The sequence search does not give a preview of its output. Instead, when you add it to the window of a time-based visualization (or create it directly therein by creating the sequence search from the context menu of the time-based visualization in the workflow explorer), the marking output is previewed in the time-based visualization itself.
Output
The output of the node is a marking that marks the found sequences in the data. The marking can be either visualized or further analyzed itself or shown in a visualization that displays the data on which the search was performed (see section Markings).
Aggregation
The sequence search node is not able to aggregate, as searching for sequences always happens on the unchanged input data.
Settings
- Column:
- The column in which the sequence is searched. You can only select columns that contain a limited number of different values.
- Available:
- All the different values that occur in the selected column. Drag and Drop values from here to the "Search Sequence" and "Ignored" lists.
- Search Sequence:
- This is the sequence that should be searched.

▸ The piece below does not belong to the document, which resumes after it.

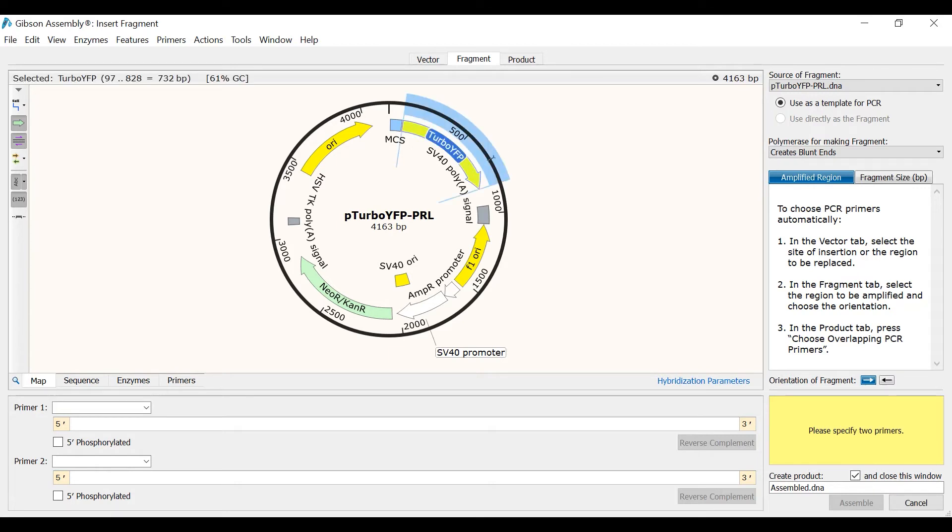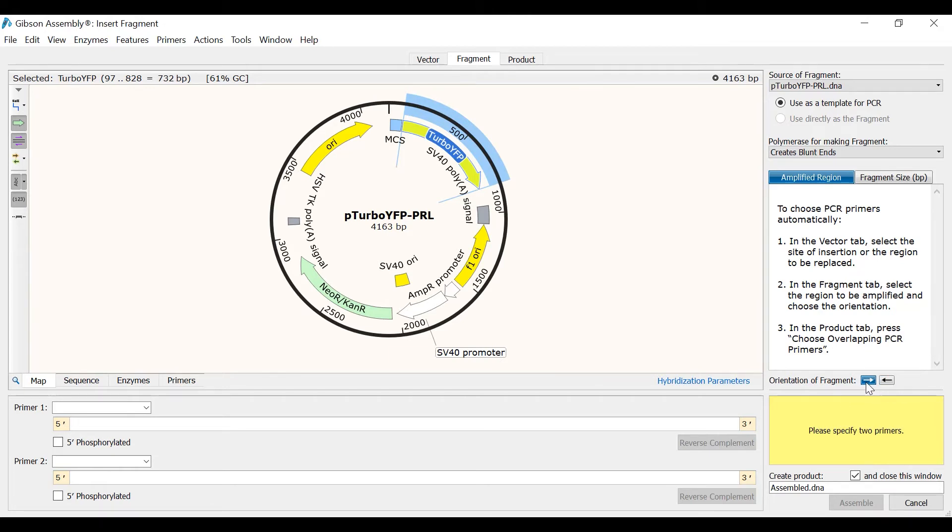Another important point to consider at this point is the orientation of the fragment. Fortunately the fragment I am inserting and the region I am replacing are in the same orientation. However if this wasn't the case, I can simply change the orientation of my fragment by using the arrows to the right.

Drag and Drop the available items from the list to the left into this list. The sequence has a specific order and it is possible to change the order in the list itself by drag & drop.
- Ignored:
- This are the items that are ignored during the search. If you ignore item X and search for the sequence ABCX, even a sequence AXBXC will be found.
- Split Results:
- Determines whether the result will be a single data set or a different data set for each found sequence. Activating this option can be useful when each found sequence should be analyzed or visualized separately in the following node. Additionally, activating this option makes it possible to determine overlapping found sequences, if the result is shown in a visualization of the base data.
- Search Type:
- Offers a selection of the different search types. "Simple Search" will find exact matches of the selected sequence, "Levenshtein Search" offers several options for a fuzzy search, finding sequences that are similar, but not necessarily equal to the required sequence. The following parameters are only available if Levenshtein Search is selected.
- Levenshtein Properties:
- Parameters that affect the Levenshtein search:
- Max Dissimilarity:
- Sequences whose Levenshtein distance to the selected sequence is less than or equal to this value are found by the search. The Levenshtein distance is influenced by the following three parameters:
- Insert Cost:
- Affects an insert operation in the data. If insert cost is X, a sequence ABD in the data has a Levenshtein distance of X to a search sequence ABCD.
- Delete Cost:
- Affects a delete operation in the data. If delete cost is X, a sequence ABYCD in the data has a Levenshtein distance of X to a search sequence ABCD.
- Replace Cost:
- Affects a replace operation in the data. If replace cost is X, a sequence ABYD in the data has a Levenshtein distance of X to a search sequence ABCD.
- Max Length Difference:
- Only sequences that have difference in length of less than or equal to this value are found. This parameter is independent of the other Levenshtein parameters.
- Subsequence Treatment:
- Determines how found sequences that are subsequences of other found sequences are treated. "Use Largest Sequence" will only report the largest sequence, i.e. the sequence that is a supersequence of the other found sequences. "Use Smallest Sequence" will only report the smallest subsequence of such a set. "Use all Sequences" will report all found sequences. Note that this last option is only relevant, if "Split Results" is active.